One of the most common attacks a website will face is Cross-Site Request Forgery (CSRF). This attack involves an attacker creating a fake URL that points to your domain and sending it via email (or other means) to one of your users. When your user clicks that link, if the user was logged in to your app, the action related to that URL will proceed as-if the user originated it (e.g., calling to a setter with some set of parameters performing a change the attacker wants to make).

To guard against this, Joystick includes the ability to create user session tokens in your database that are paired with a csrf token. When a user visits your site, Joystick will automatically create a joystick_session cookie if one does not exist alongside a secret csrf token that's injected into the HTML rendered by your app.
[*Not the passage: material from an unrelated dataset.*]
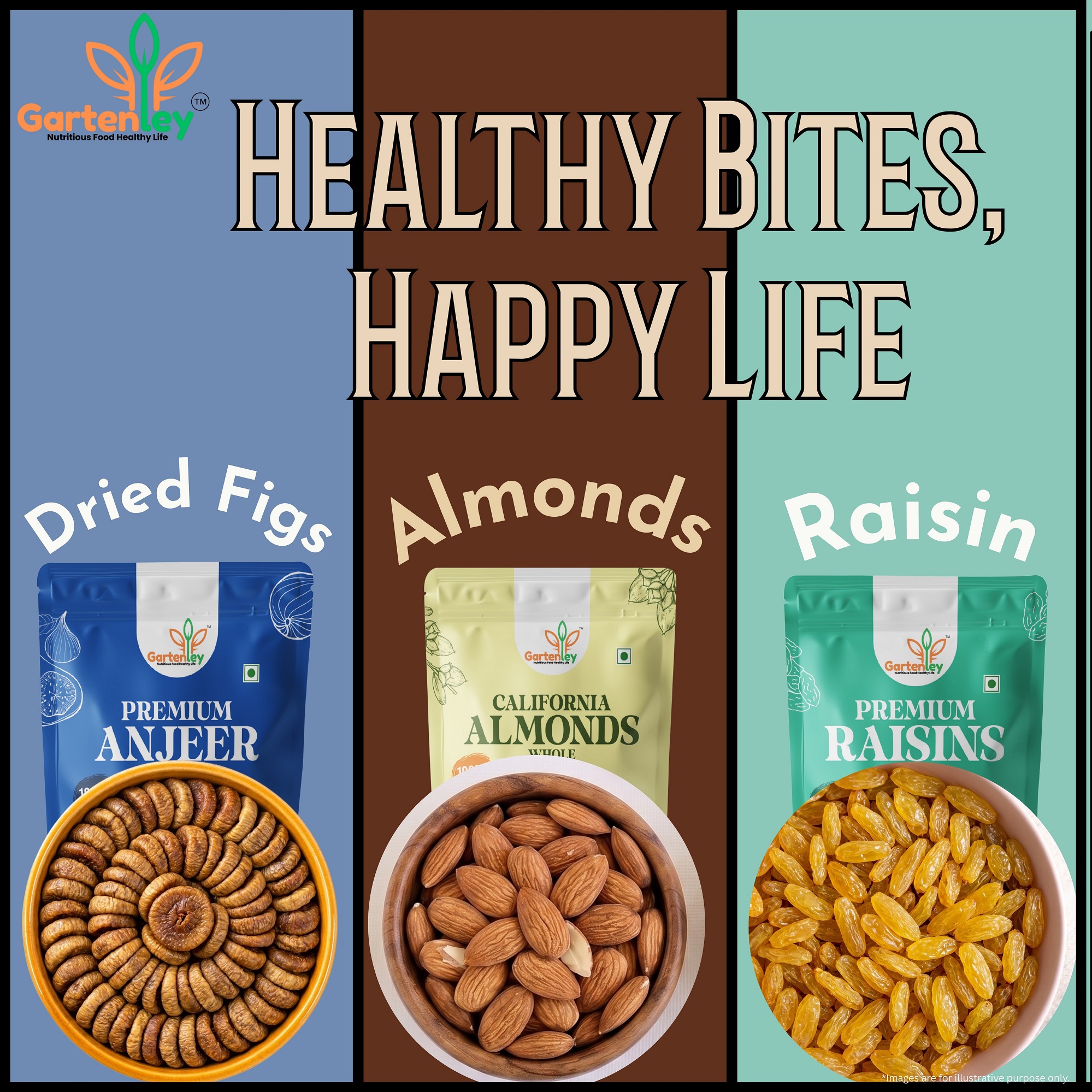 PREMIUM CALIFORNIA ALMONDS, DRIED FIGS (ANJEER) & RAISINS (KISHMISH) COMBO PACK -600g - Image 6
<meta name="csrf" content="abc12345" />

Whenever you call to a getter or setter in your API, Joystick automatically includes the secret csrf token and attempts to match it to the user's joystick_session cookie on the server. If there's a match, the request proceeds as expected and if there's not, the request receives a 403 Forbidden error.

Query params sanitized

To protect against scripts being executed via query params, Joystick automatically sanitizes HTML tags from query params passed in your app's URL. This prevents any vulnerability with the above approach, making it impossible for an attacker to read the csrf token Joystick injects into the page.

Enabling CSRF protection

By default CSRF protection is not enabled in your app. To enable it, the "sessions": true flag must be assigned to one of the databases in the config.databases array of your settings.<env>.json file. This tells Joystick to enable CSRF protection and generate a joystick_session cookie for all visitors to the site (both anonymous and logged-in users).

Learn more about enabling CSRF protection here.

Session Expiration

To avoid flooding your database with stale sessions, Joystick automatically cleans up sessions older than 1 hour. For MongoDB, this is done via TTL index and for PostgreSQL, this is done via cron job. After a session expires and is removed from your database, returning visitors will have a fresh session generated for them on their next visit/request.